The value of an attribute is normally a string; it may be omitted (in case of HTML) for a boolean attribute, e.g., a "certified" attribute in the above example.

A collection of attributes is considered an information item in its own right, tagged with a special name @. The character "@" may not occur in a well-formed XML name; therefore an <attributes-list> cannot be mistaken for a list that represents an element. An XML document renders attributes, processing instructions and other meta-data differently from the element markup. In contrast, SXML represents element content and meta-data uniformly -- as tagged lists. RELAX NG -- a schema language for XML -- also aims to treat attributes as uniformly as possible with elements. This uniform treatment, argues James Clark, is a significant factor in simplifying the language. SXML takes advantage of the fact that every XML name is also a valid Scheme identifier, but not every Scheme identifier is a valid XML name. This observation lets us introduce administrative names such as @, *PI*, *TOP* without worrying about potential name clashes. The observation also makes the relationship between XML and SXML well-defined. An XML document converted to SXML can be reconstructed into an equivalent XML document (in terms of the Infoset). Moreover, due to the implementation freedom given by the Infoset specification, SXML itself is an instance of the Infoset.

The XML Recommendation specifies that processing instructions (PI) are distinct from elements and character data; processing instructions must be passed through to applications. In SXML, PIs are therefore represented by nodes of a dedicated type *PI*. XPath and the DOM Level 2 treat processing instructions in a similar way.
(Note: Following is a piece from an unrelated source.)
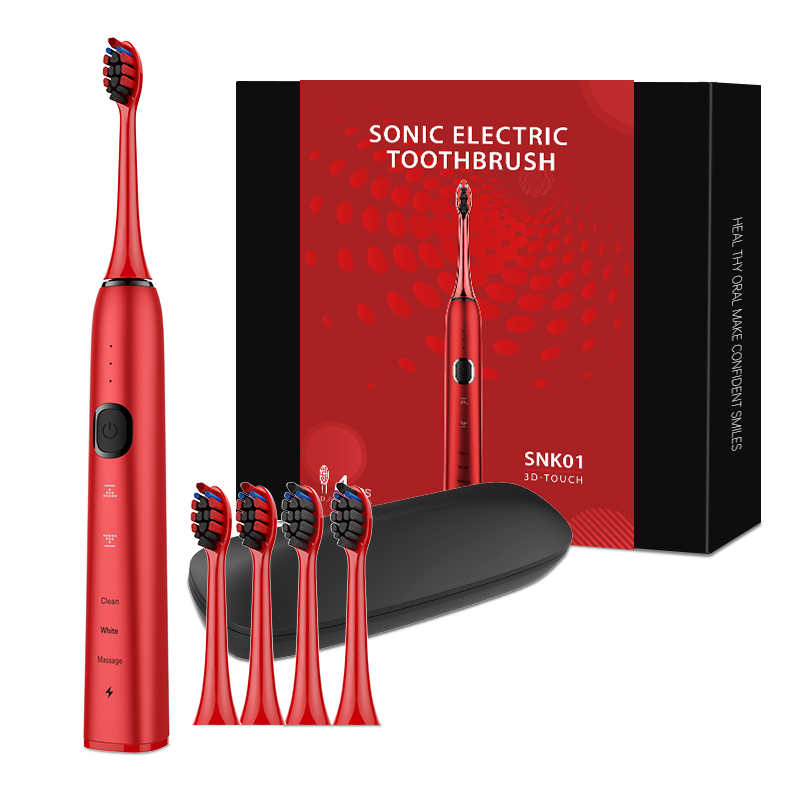 Private Label Custom Shaped Ty - đánh giá và giá Electric Toothbrush Sonic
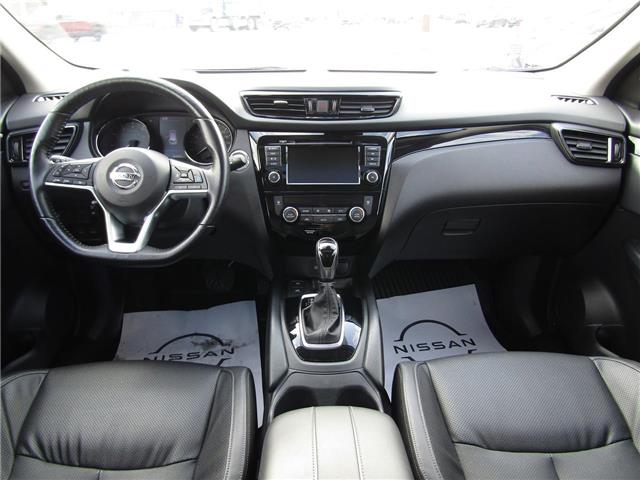 2021 Nissan Qashqai  (Stk: S526A) in Timmins - Image 12 of 17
A sample XML document and its SXML representation are both shown below, thus providing an illustrative comparison between nested XML tags and nested SXML lists. Note that the SXML document is a bit more compact than its XML counterpart.

<?xml version='1.0'>
<di contract="728g">
  <wt refnum="345">
    <delivery>
       <date month="6" 
             day="01" 
             year="2001"/>
       <weight>783</weight>
    </delivery>
    <vehicle type="lorry" 
	     number="A567TP99"/>
  </wt>
  <wt refnum="459">
     <vehicle type="car" 
              number="25676043"/>
  </wt>
</di>
(*TOP* (*PI* xml "version='1.0'") 
(di (@ (contract "728g"))
  (wt (@ (refnum "345")) 
    (delivery
      (date (@ (month "6") 
               (day "1") 
               (year "2001")))
      (weight "783"))

    (vehicle (@ (type "lorry") 
                (number "A567TP99"))))

  (wt (@ (refnum "459")) 
    (vehicle (@ (type "car")
                (number "25676043"))))))

SXML can also be considered an abstract syntax tree for a parsed XML document. An XML document or a well-formed part of it can automatically be converted into the corresponding SXML form via a functional Scheme XML parsing framework SSAX.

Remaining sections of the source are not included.